Cie,,,cie,,, yang abis belajar interpersonal skills... *dikemplang*

Praz mengatakan...

Setujuh re..temen tu tak diliat dari materi..mm..milih temen kalo aku sih nggak milih2, tp kalo sobat itu bru selektip,he5, yg penting dia enak aja, dan enak diajak ngobrol, bener jg sih, sama visi, kalo nkgak sama visi kita ama dia, ntar jadi runyam, salah paham terus de..hmm..menurutku sih, he5,maap kalo slh..^^v

tere616.blogspot.com mengatakan...

@thewriter : Hahaha, padahal orang-orang di KBRI itu akhirnya juga harus balik ke Indonesia kan ? Mungkin karena mereka lupa pengalaman pahitnya dulu Va :-)

@therry - @thewriter : memang kalo berteman harus pilih-pilih jangan sampai mereka membawa pengaruh yang tidak baik buat kita, tetapi kalau judgementnya untuk dijadikan "teman" adalah semua yang bersifat ketampakan luar, tentunya "judgement" itu jadi salah kan ?

@therry, gw ini judeeesss dan galak banget lho :-D

@themahdinovel : salam kenal juga, wah..asyik juga tuh novel di blog. Ok .. nanti aku main ke sana ya :-)

@bloggerbercerita : yup, setuju. Tapi ketika kita memutuskan bahwa dia cocok jadi teman kita bukan hal yang duniawi kan ? *coba, tolong dikuliahi lagi interpersonal skill*

@praz : Nah, itu yang tepat, berteman tidak pilih-pilih, tetapi ketika saatnya kita memutuskan seseorang itu jadi sobat kita, tentu saja harus sama dengan visi, misi, menghargai perbedaan pendapat, tanpa melihat ras, dsb-dsb :-)

Anonim mengatakan...

setujuu banget..

Anonim mengatakan...

@tere: orang2 yang di KBRI yang aku maksud itu yang bersuami orang disini, bukan pekerja KBRI nya tapi kebetulan waktu itu ada acara kmpul2 di KBRI.

Anonim mengatakan...

Judes dan galak?

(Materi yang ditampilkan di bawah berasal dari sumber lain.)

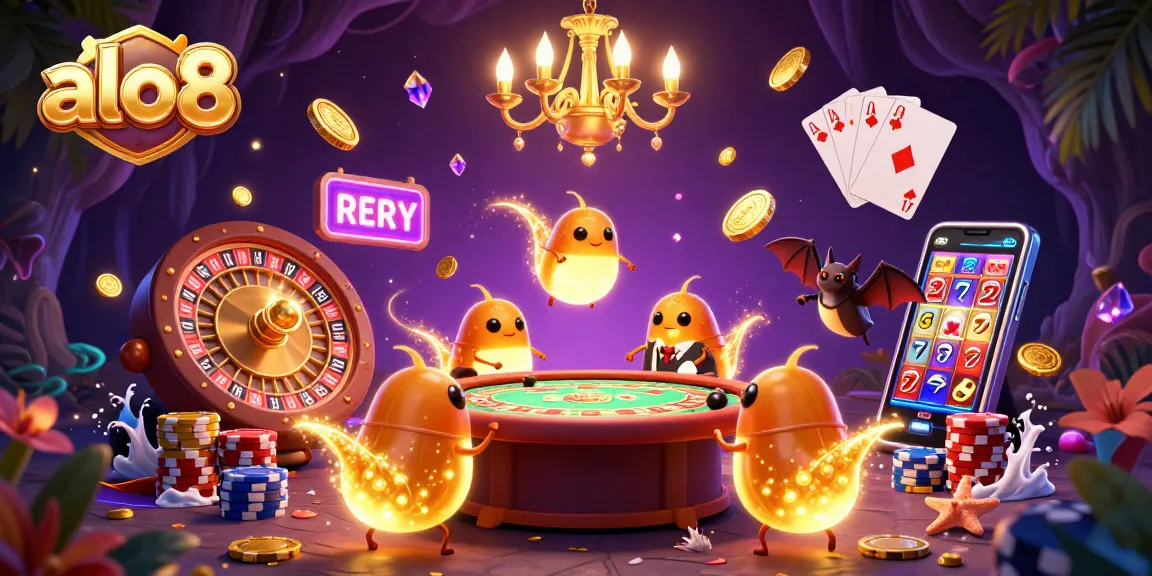 Experience the vibrant action at alo8 casino with glowworms lighting the games and a bat dealer.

Masa sih... ga kebayang :D Kalo di kantor kali yahhh hi3x..

tere616.blogspot.com mengatakan...

@the writer : oh untuk mereka yang mendadak merasa menjadi kaya memang itu adalah hal yang paling menyebalkan di dunia.

@therry : Hehehe, kata anak-anak gw di kantor, kalau gw lagi marah, mendingan pergi aja deh. Nanti kalau sudah 15 menit baru balik lagi :-D Tapi gw memang judes koq say :-)

Anonim mengatakan...

Wah iya setuju setuju dan setuju. Ini sehubungan dgn entry elo mgn apa yg dibilang pak Gede (yg juga gw setuju) ... perjalanan hidup orang yg berbeda, membuat masing2 orang berpikiran berbeda. Dalam nyari temen, gw juga nyari yg berfilosofi mirip2 .. ngga usah tumplek bleg mirip, tapi ada mainstream yg mirip gitu juga udah menyenangkan.

Mgn materi, gw dulu belong ke grup orang2 yg melihat harta, and I thought I was one of them. Tapi pengalaman hidup menyadarkan, bahwa gw lebih belong ke orang2 yg bekerja untuk kepuasan batin (bukan untuk mengejar materi semata). Since then, dalam mencari temen baru, gw selalu menghindari mereka2 yg terlalu melihat harta. Tapi dgn teman2 lama, walaupun mereka tetep melihat harta banget, kita tetep bersahabat erat krn kita udah sama2 ngerti masing2.

Doh maap kok gw komentarnya jadi cerita. Dua postingan elo ini (mgn Gede Pratama dan yg ini) menyejukkan hati. TFS.